**Your instructions:**
Could you give the data that follows again exactly, without its pictures?

**Source data:**
● ● ● ● ●
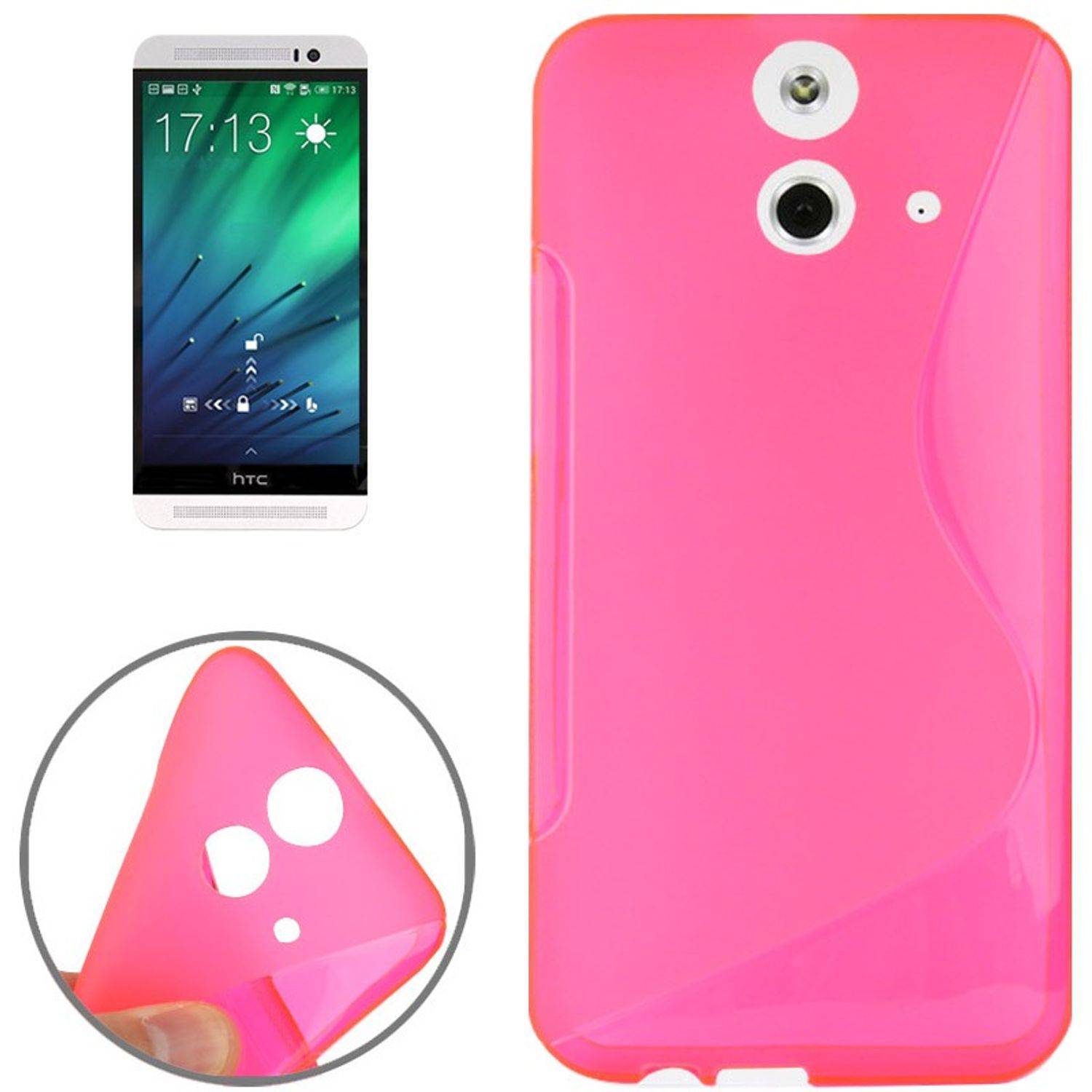 HTC One E8 Handyhülle Backcover Rosa
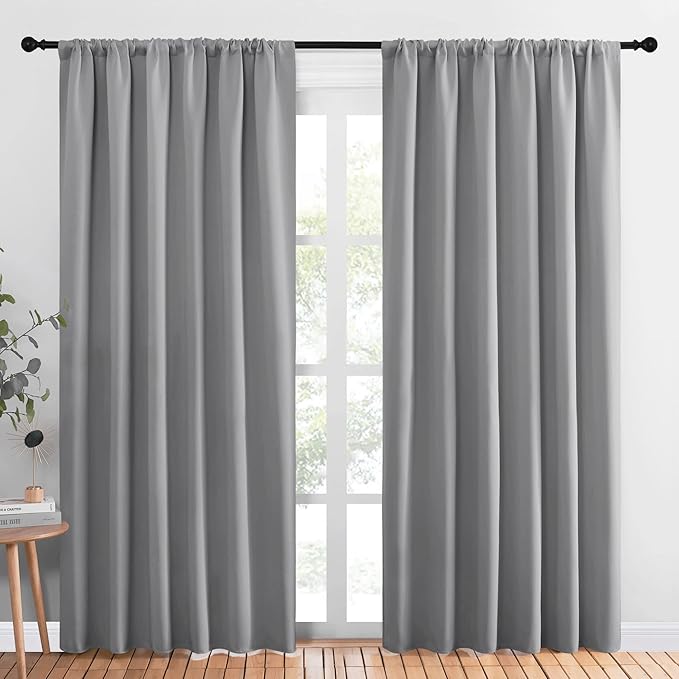 NICETOWN Blackout Curtain Panels 84 inches Long by NICETOWN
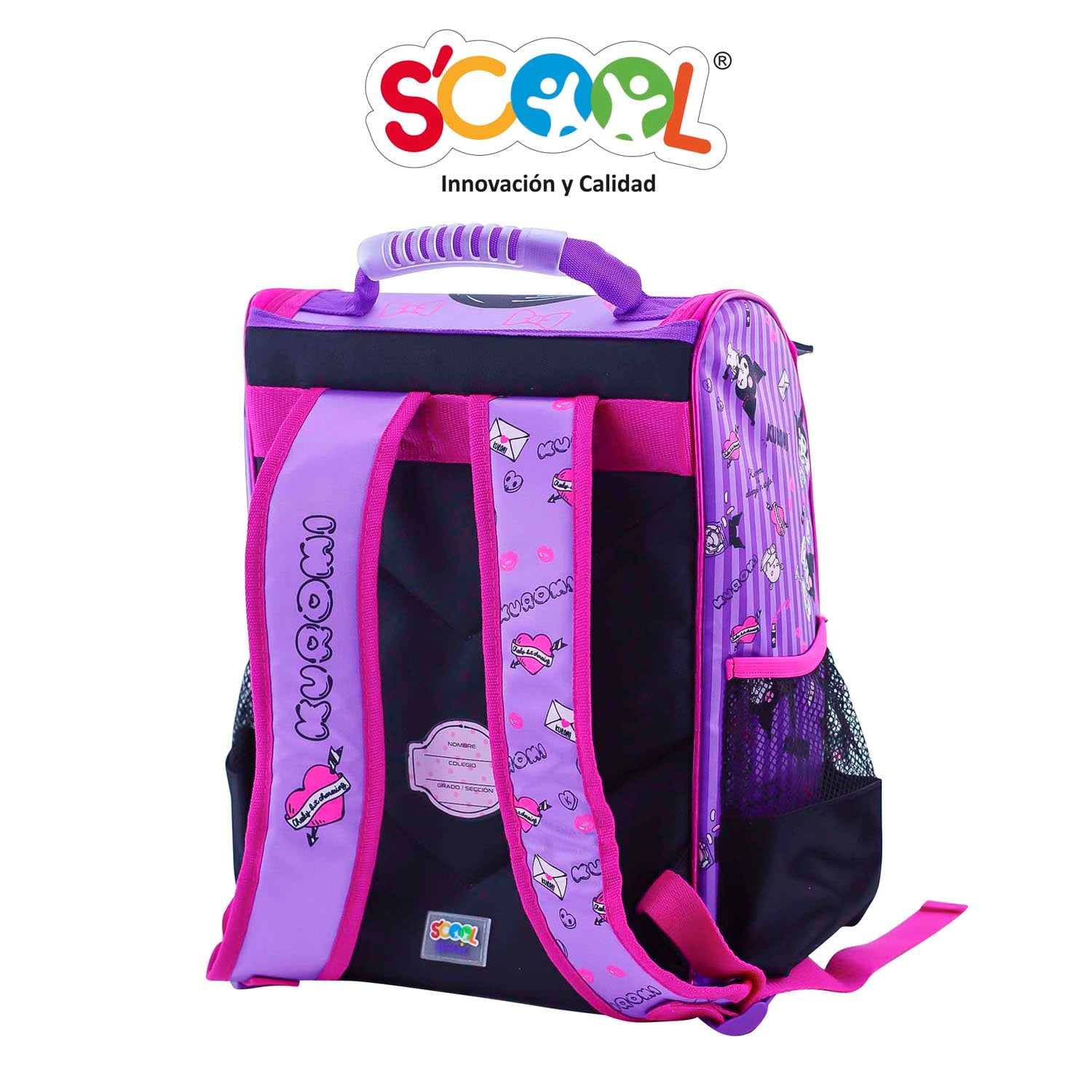 SET MOCHILA PICK SCOOL MAGIC TELA CPVC KUROMI - 3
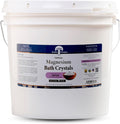 Health and Wisdom Magnesium Bath Crystals - Bath Salts with High Concentration &amp Enhanced Absorption for Muscle &amp Joint Relief - Dead Sea Sourced - Unscented - 14 lbs - Up to 113 Uses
● ● ● ● ●
**Response below:**
 HTC One E8 Handyhülle Backcover Rosa
 NICETOWN Blackout Curtain Panels 84 inches Long by NICETOWN
 SET MOCHILA PICK SCOOL MAGIC TELA CPVC KUROMI - 3
 Health and Wisdom Magnesium Bath Crystals - Bath Salts with High Concentration &amp Enhanced Absorption for Muscle &amp Joint Relief - Dead Sea Sourced - Unscented - 14 lbs - Up to 113 Uses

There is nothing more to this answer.